Nos últimos anos, no Ensino Médio, temos passado um filme que trata da busca de um jovem nesse isolamento absoluto. Extremamente desiludido com a instituição escolar e familiar, ele procura obcecadamente o desprendimento mais radical da cultura e dos valores de seu ambiente social. Baseado em um fato real, o filme "Na natureza selvagem" (Into the wild; Sean Penn, 2007) segue o curso do personagem adolescente que assume como único horizonte possível o isolamento nos confins do Alasca. O desfecho é profundamente revelador no que diz respeito às possibilidades que um ser humano pode ter para desprender-se da cultura.

A discussão em torno dessa trama é feita no primeiro dia de aula do Ensino Médio, e procura evocar nos alunos esse repertório que foi posto em prática durante rodas de conversa, aulas de matemática, de língua portuguesa, de orientação educacional ou pura e simplesmente no dia a dia da nossa escola: a aprendizagem e o exercício intelectual como os atos de natureza coletiva, e que merecem ser acompanhados permanentemente por espaços que permitam refletir, de forma autêntica e consistente, sobre as nossas ações.

Impalpável, porém presente, a ética permeia não apenas os nossos vínculos, mas nossa atividade intelectual e, portanto, acadêmica. É preciso conduzir o olhar dos alunos para isso, mantendo como oportunidades de reflexão ora eventuais situações individuais, ora frequentes atividades coletivas.

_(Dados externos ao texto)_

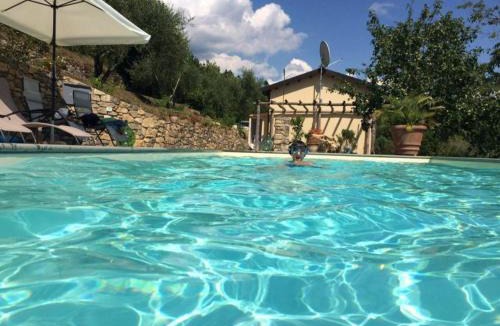Bagnone House | CASA DELLA LUCE private pool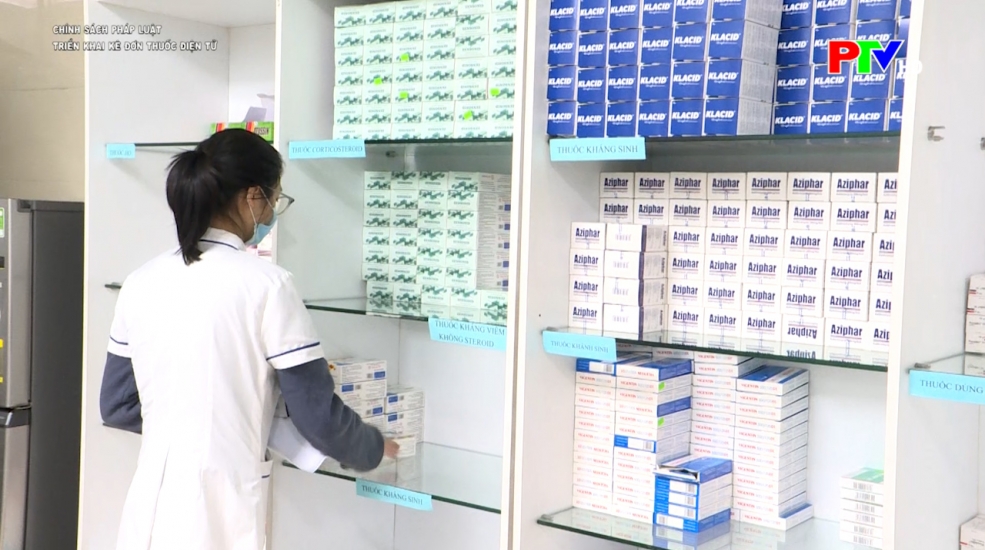 Triển khai kê đơn thuốc điện tử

É a ética o que norteia as escolhas que fazemos como escola, e o melhor exemplo disso é a constituição do currículo, considerando o momento e a forma de apresentação dos diversos conteúdos escolares. A ética deve ser a pedra fundamental de uma escola séria, para muito além de procurar se encaixar na categoria de “escola-forte”, assunto sobre o qual discorreu Maria Ivone Domingues neste blog, em 26 de maio.